From Grover to Grover Zampa 

In 2012, the merger of Grover Vineyards and Vallée de Vin led to the formation of Grover Zampa Vineyards, now the longest standing winery in India, with vineyards in Nandi Hills, Bengaluru, and Nashik.

The family holds 24 percent stake, and Reliance Capital, along with Ravi Vishwanathan, a Singapore-based investor, holds 32 percent stake. 

The winery has been operational for 25 years, and Karishma says that has given winemakers like her plenty of time to adapt international winemaking techniques to the unique Indian climate and soil, and to discover grape varietals that flourish best in this environment. 

“I did an internship with Michel Rolland, a consultant winemaker for Grover Zampa, at age 16 at the suggestion of my father. This so inspired me that I followed up with a bachelor’s in viticulture and oenology followed by an internship at Cakebread Cellars, Napa Valley,” Karishma says. 

Karishma started work at Grover Zampa in 2008; she tried her hand at everything before focusing on production. 

Karishma Grover.

Making the refreshing glass of wine 

While we all love the refreshing taste of wine, little do we realise the process that gives wine its smoothness, texture, flavour and taste. Harvesting the grapes, crushing them, the fermentation, aging of the wine, and its bottling are a deep science and an art. 

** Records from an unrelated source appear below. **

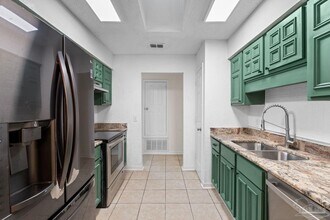 1203 Brook Bend Rd in Pensacola, FL - Building Photo - Building Photo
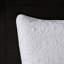 Couvre-lit blanc réversible surdimensionné avec surpiqûre classique et rembourrage en coton prélavé avec taies décoratives pour une nuit de détente 2 inclus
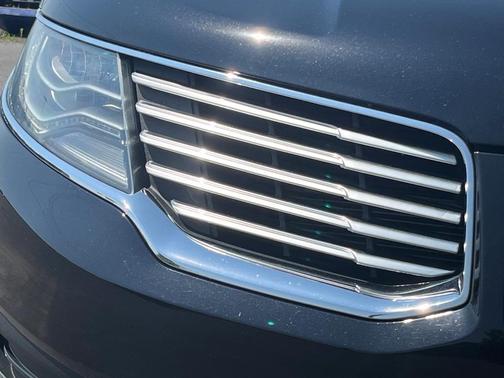 Photo 5 of 29 of 2017 Lincoln MKX Black Label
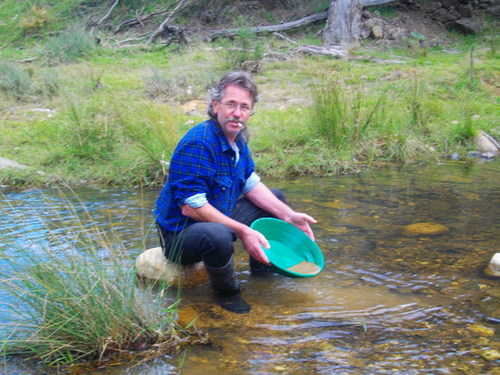 Prospecting for Gold, Panning, High Banking & Metal Detecting.
Helping inexperienced power boat buyers choose their boat with confidence.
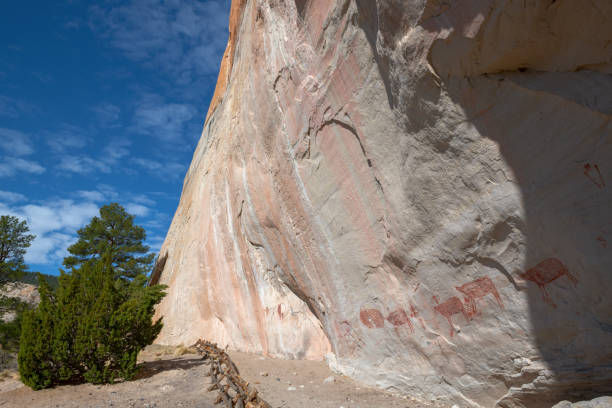 istock Fish Creek Cove Rock Art 2166849293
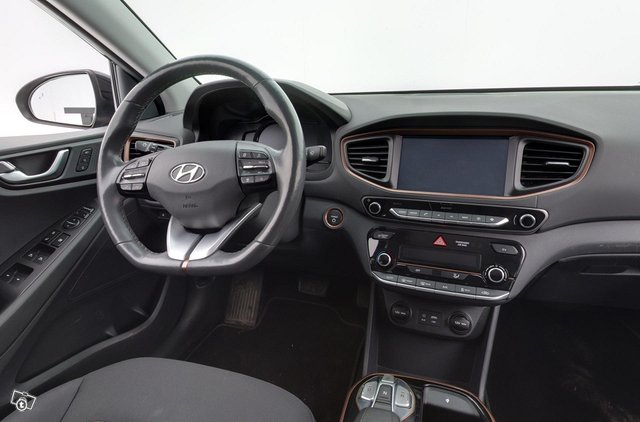 Hyundai Ioniq Electric 5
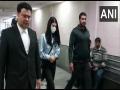 Jacqueline Fernandez appears before Delhi Court in Rs 200 cr money laundering case - Hindi News | Jacqueline Fernandez appears before Delhi Court in Rs 200 cr money laundering case | Latest national News at Lokmattimes.com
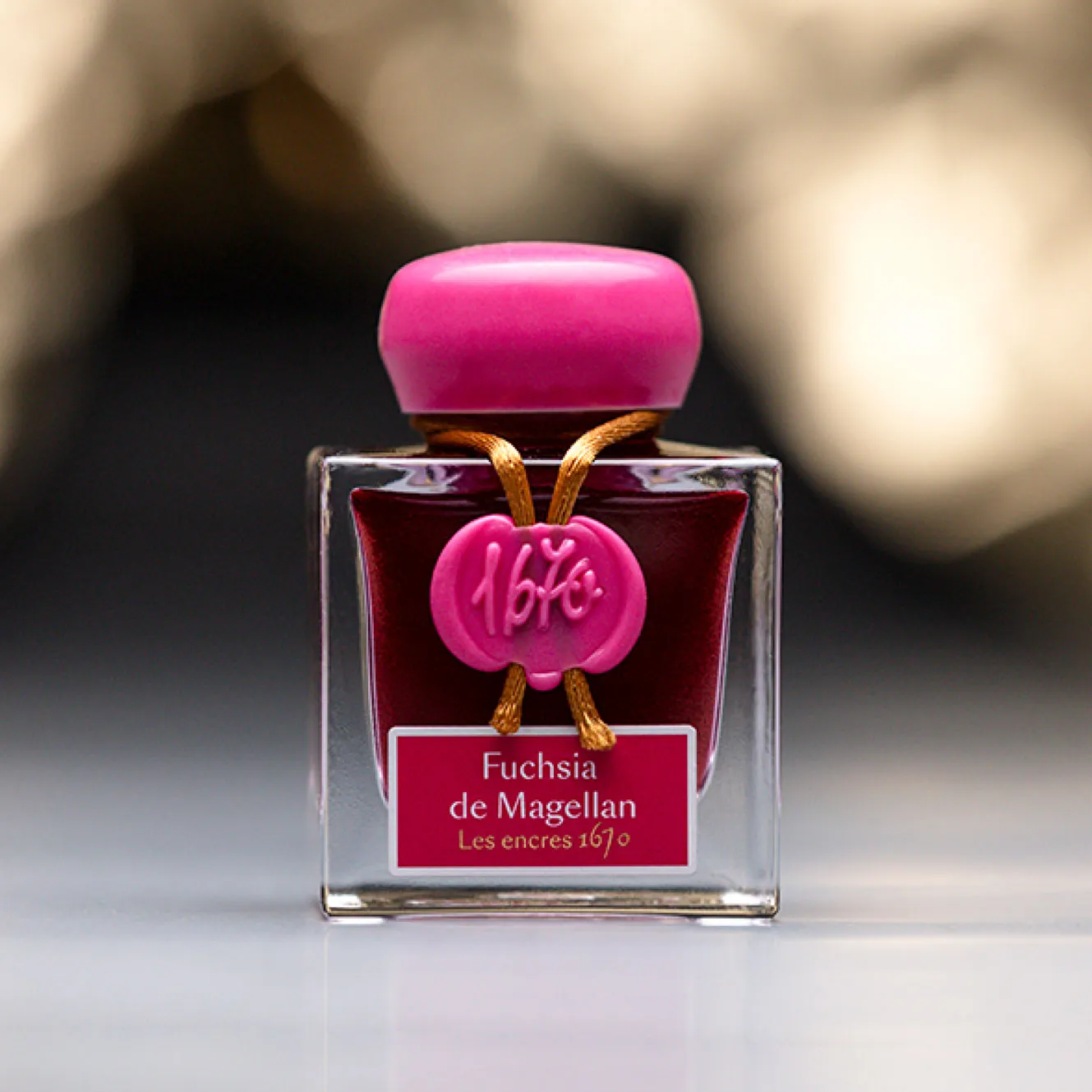 J. Herbin - Fountain Pen Ink - 1670 - Fuchsia de Magellan (Hardy Fuchsia)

Wines are made in different tanks depending on the grapes, and where the grapes come from to respect the specificity of each territory. Most of the wine-processing equipment is imported, mainly from Italy, says Karishma.

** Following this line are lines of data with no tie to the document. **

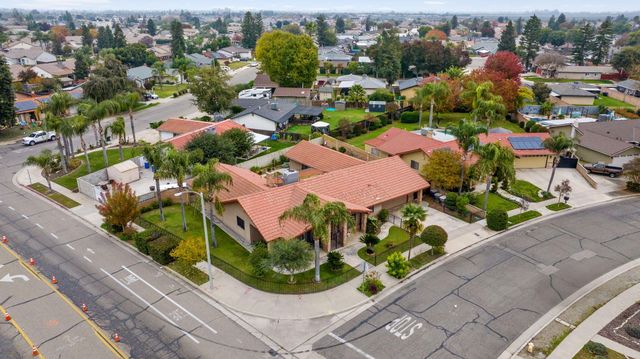 1502 S Lydia Drive, Tulare, CA 93274
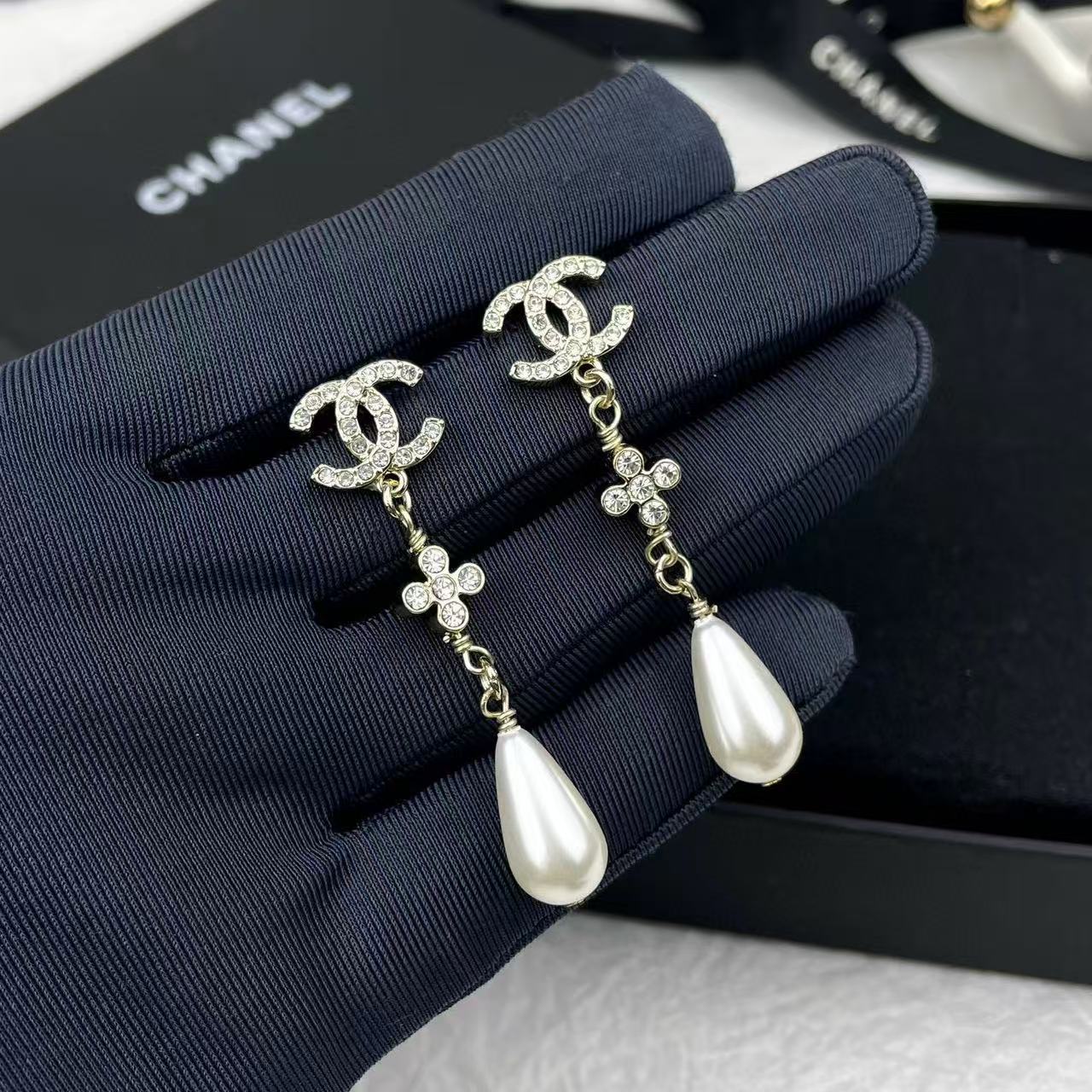 CHANE1 ダイヤモンドパールスタッドピアス【50％割引+送料無料】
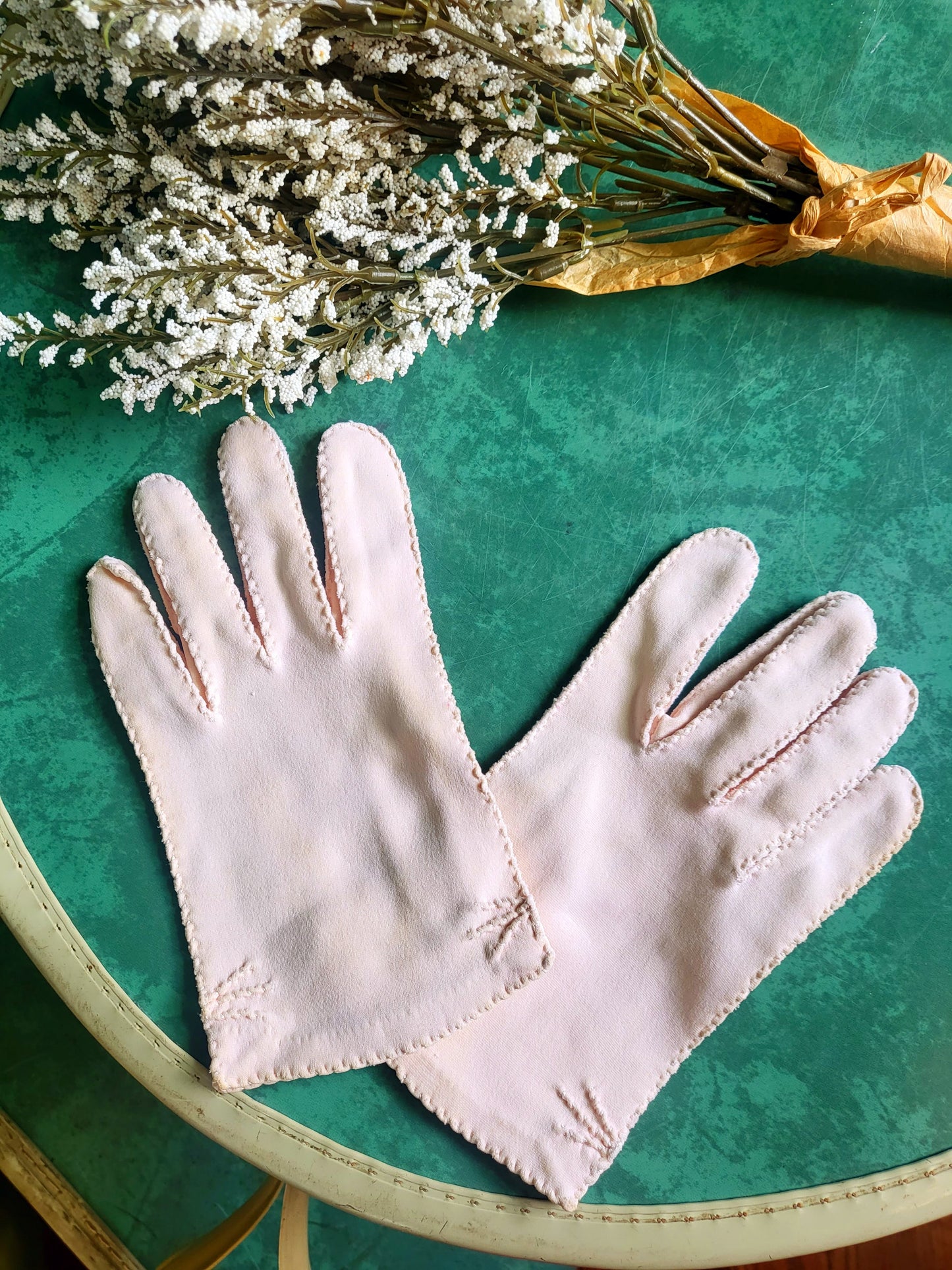 SOLD - Vintage 1950's-1960's Pale Peach Gloves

The grapes at Grover Zampa are hand-picked, she says. “At the next stage, they are hand sorted on sorting tables to ensure we use the best grapes and then de-stemmed and lightly crushed by a machine.”  

While this process seems long and tedious, Karishma says she enjoys it. Yeast is added to the grape juice to start the fermentation process. 

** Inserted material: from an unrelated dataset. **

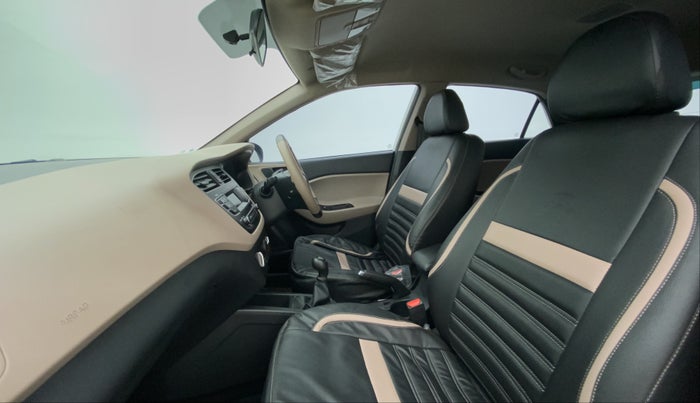 2019 Hyundai Elite i20 1.2 MAGNA PLUS VTVT, Petrol, Manual, 22,471 km, Right Side Front Door Cabin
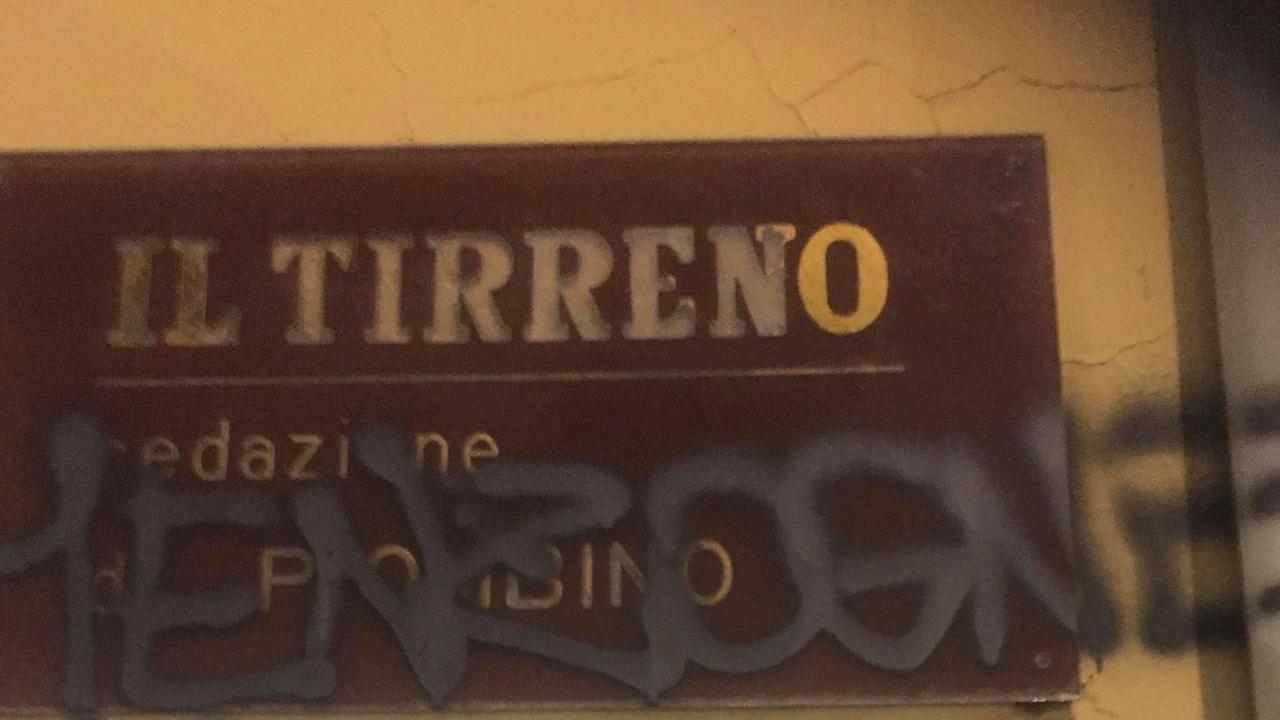 Una scritta contro Il Tirreno a Piombino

Age and wine go together and Karishma says wines can be aged for months or years, and their flavours depend on what they are aged in - stainless steel tanks, or variou barrels like French oak, American oak, etc.

“At Grover Zampa, grapes are processed in a cooling room. We have controlled cellars equipped with modern resources such as temperature-controlled tanks and our own bottling lines. This ensures that quality remains uncompromised throughout the winemaking process,” Karishma says. 

The business of wines 

According to the Registrar of Companies (RoC) data filed by the company, Grover’s revenue was at Rs 57.77 crore in the last financial year. The company registered a profit of Rs 18.98 crore. 

Wine in India is a niche market. According to news media reports, Grover sells over 2.2 lakh cases a year, which is believed to be a third of Sula Vineyard’s sales. 

“We focus on our USP, which is producing premium quality wines without compromise and delivering to our customers’ expectations. We also focus on consistently innovating. For example, we were the first winery to introduce a reserve wine and we have recently launched India’s first sparkling wine with real gold flakes, Auriga. This commitment to quality and innovation, as well as serving the needs of our customers, has served us well,” Karishma says. 

The prejudices 

While Karishma says she has never faced any specific problems being a woman in the winemaking business, she says it is a male-dominated industry, which makes it an intimidating prospect for a woman. 

“To a certain extent, I am ‘protected’ by who I am – the daughter of the chairman, but I I interact with a wide range of people - from farmers, labourers, international technical people, consumers, bar owners, and chefs. To a certain extent, I have to modify how much of my personality comes through in each interaction,” Karishma says. 

One of the biggest positives for the wine industry is the growing popularity of wine in India. So, what’s next for Grover Zampa? “We plan to increase our capacity and continue to innovate, introducing new wines to suit the Indian palate. We also plan to expand our international footprint. Grover Zampa wines are already exported to 25 countries and we want to significantly increase our distribution,” Karishma says.